*What you should do*
Starting from the line with "KiddyMoon Baby Foam", please copy exactly every line to the end of the listing, but not the pictures.

*Given data*
-------------------------

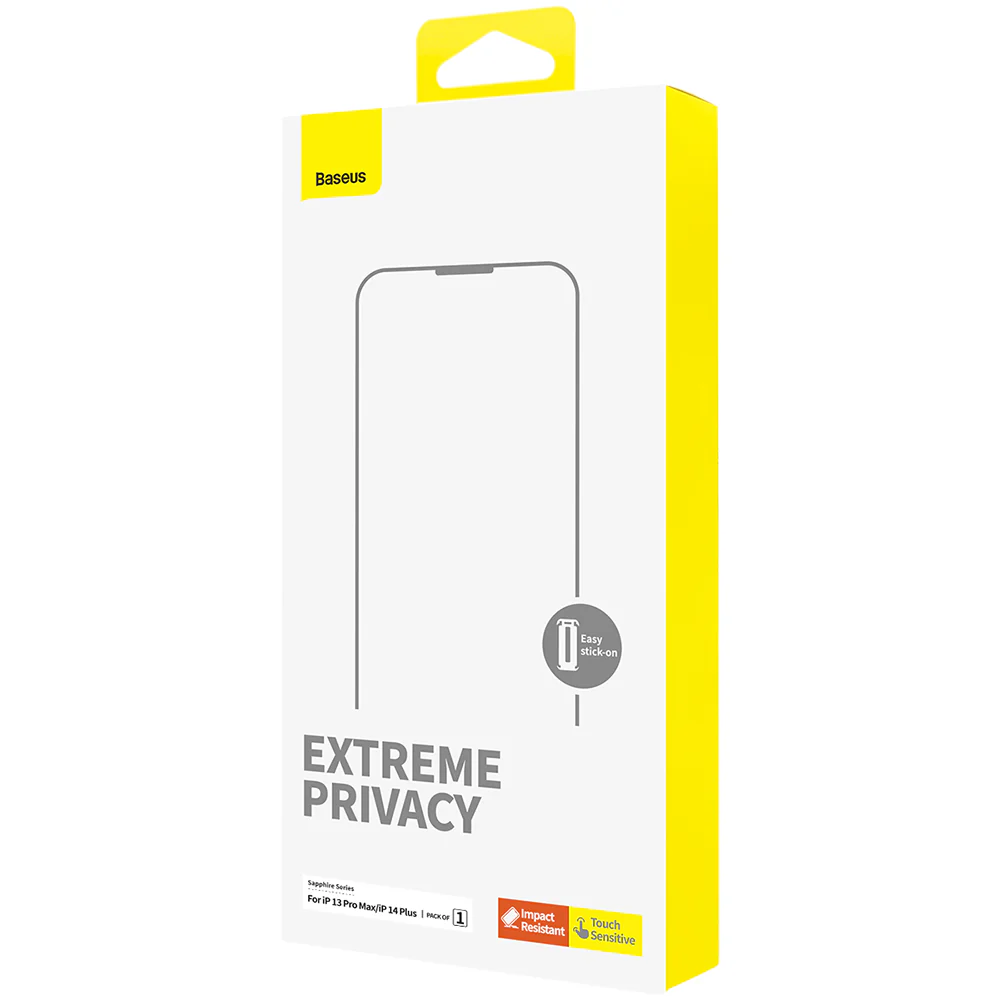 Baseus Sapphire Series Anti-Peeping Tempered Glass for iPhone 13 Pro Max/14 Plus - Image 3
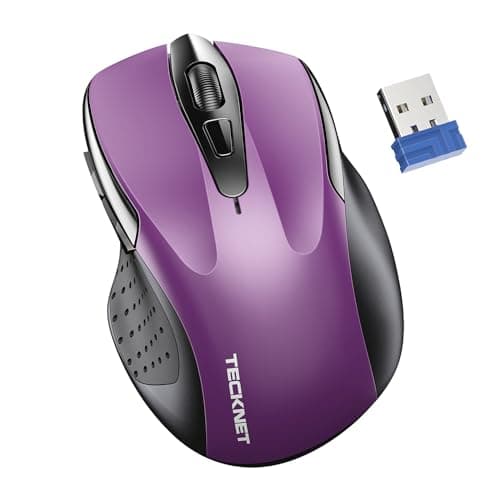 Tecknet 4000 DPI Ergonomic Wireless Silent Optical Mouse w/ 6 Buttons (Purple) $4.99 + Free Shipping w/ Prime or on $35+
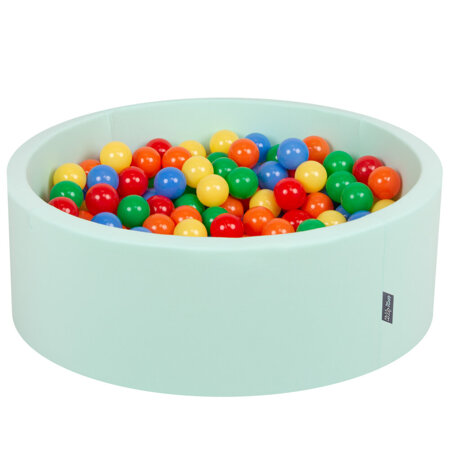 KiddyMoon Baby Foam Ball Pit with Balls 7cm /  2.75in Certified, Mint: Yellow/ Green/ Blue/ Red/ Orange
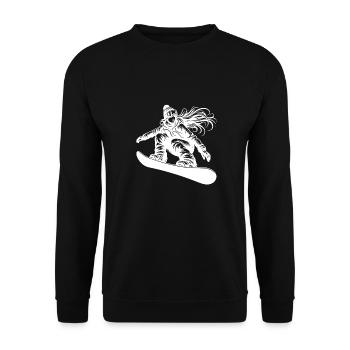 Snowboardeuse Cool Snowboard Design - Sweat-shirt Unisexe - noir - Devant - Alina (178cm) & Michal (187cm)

-------------------------

*Output of the task*
 KiddyMoon Baby Foam Ball Pit with Balls 7cm /  2.75in Certified, Mint: Yellow/ Green/ Blue/ Red/ Orange
 Snowboardeuse Cool Snowboard Design - Sweat-shirt Unisexe - noir - Devant - Alina (178cm) & Michal (187cm)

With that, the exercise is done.